Stored records:
--- START ---

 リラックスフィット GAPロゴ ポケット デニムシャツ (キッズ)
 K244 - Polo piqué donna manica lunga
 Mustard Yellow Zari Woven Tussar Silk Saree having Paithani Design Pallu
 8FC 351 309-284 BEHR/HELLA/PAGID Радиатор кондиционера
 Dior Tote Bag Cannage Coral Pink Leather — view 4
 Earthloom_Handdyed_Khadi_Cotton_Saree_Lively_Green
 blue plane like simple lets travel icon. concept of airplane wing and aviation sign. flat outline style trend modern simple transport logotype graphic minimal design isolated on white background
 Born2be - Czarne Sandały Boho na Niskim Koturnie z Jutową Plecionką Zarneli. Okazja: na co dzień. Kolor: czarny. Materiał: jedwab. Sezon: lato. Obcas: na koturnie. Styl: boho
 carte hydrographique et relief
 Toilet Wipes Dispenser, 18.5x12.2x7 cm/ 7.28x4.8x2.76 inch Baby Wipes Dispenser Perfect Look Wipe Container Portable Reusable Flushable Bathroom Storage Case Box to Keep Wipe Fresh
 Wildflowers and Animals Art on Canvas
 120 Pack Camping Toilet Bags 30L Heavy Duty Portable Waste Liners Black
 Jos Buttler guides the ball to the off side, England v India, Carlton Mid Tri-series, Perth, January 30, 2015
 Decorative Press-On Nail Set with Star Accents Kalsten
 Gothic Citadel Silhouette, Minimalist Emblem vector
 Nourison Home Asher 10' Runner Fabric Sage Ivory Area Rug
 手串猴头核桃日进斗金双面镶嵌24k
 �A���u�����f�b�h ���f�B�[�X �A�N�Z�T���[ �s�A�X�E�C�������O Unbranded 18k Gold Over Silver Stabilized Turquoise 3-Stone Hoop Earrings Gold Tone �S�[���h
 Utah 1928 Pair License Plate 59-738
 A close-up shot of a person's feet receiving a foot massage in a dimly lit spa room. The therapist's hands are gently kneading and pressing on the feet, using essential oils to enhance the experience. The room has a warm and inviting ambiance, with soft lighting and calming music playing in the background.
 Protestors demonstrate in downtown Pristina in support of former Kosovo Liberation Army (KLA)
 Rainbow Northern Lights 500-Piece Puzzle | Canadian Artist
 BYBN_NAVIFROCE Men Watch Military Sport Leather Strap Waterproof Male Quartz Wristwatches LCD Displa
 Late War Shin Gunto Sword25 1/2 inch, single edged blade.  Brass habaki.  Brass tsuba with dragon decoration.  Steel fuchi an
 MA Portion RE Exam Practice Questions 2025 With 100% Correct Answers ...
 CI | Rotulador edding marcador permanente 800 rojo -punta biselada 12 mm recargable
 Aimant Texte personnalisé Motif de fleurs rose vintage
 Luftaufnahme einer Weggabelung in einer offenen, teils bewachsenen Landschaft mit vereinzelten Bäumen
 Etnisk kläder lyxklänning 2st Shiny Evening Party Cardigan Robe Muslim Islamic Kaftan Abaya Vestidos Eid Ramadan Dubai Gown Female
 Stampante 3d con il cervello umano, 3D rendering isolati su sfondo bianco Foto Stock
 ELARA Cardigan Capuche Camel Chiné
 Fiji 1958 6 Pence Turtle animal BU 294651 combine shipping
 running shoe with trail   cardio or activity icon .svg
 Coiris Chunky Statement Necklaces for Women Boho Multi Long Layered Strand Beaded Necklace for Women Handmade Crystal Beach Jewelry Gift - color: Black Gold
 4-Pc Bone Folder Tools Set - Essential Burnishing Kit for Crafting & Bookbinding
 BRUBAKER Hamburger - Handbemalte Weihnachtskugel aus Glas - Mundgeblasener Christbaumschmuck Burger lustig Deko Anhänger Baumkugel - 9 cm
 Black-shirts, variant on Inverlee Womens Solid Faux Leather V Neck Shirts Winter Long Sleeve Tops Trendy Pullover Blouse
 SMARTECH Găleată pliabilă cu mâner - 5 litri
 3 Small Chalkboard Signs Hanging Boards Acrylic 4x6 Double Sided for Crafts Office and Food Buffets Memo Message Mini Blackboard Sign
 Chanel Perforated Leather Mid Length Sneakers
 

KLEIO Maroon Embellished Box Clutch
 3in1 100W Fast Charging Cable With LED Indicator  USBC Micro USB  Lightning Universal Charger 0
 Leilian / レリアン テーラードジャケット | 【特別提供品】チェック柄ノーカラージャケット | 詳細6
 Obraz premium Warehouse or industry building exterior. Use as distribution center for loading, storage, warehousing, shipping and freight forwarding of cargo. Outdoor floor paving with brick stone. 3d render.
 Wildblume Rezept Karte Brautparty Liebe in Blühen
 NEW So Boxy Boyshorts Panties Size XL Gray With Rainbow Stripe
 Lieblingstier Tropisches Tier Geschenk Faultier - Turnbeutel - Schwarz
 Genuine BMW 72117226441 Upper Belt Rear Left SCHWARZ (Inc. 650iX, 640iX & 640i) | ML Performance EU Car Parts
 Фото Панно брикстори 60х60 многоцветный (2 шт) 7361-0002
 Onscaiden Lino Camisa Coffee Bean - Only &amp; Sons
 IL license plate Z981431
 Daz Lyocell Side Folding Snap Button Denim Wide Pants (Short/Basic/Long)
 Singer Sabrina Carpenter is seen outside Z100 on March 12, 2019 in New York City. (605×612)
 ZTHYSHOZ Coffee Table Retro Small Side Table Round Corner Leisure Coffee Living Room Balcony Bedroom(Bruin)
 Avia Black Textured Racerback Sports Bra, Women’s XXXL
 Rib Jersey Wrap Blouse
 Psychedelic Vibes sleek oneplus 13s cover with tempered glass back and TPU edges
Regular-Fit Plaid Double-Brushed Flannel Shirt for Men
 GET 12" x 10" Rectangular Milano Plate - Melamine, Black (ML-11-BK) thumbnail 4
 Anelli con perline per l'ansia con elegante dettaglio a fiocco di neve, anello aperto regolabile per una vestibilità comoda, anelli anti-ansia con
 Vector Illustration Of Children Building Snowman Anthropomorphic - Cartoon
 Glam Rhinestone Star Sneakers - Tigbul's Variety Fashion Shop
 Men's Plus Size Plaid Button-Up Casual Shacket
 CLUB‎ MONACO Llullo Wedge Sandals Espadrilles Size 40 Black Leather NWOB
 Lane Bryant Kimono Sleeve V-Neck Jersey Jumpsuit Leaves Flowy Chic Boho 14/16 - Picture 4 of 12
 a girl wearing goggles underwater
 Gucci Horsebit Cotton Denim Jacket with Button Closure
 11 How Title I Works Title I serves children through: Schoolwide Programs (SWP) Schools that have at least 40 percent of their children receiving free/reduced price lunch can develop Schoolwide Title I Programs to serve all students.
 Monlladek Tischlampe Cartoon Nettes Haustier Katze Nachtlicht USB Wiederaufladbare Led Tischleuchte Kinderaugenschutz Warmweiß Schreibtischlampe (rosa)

--- END ---

Each line in which the string "Blouse" is found must be copied from the data.

 Black-shirts, variant on Inverlee Womens Solid Faux Leather V Neck Shirts Winter Long Sleeve Tops Trendy Pullover Blouse
 Rib Jersey Wrap Blouse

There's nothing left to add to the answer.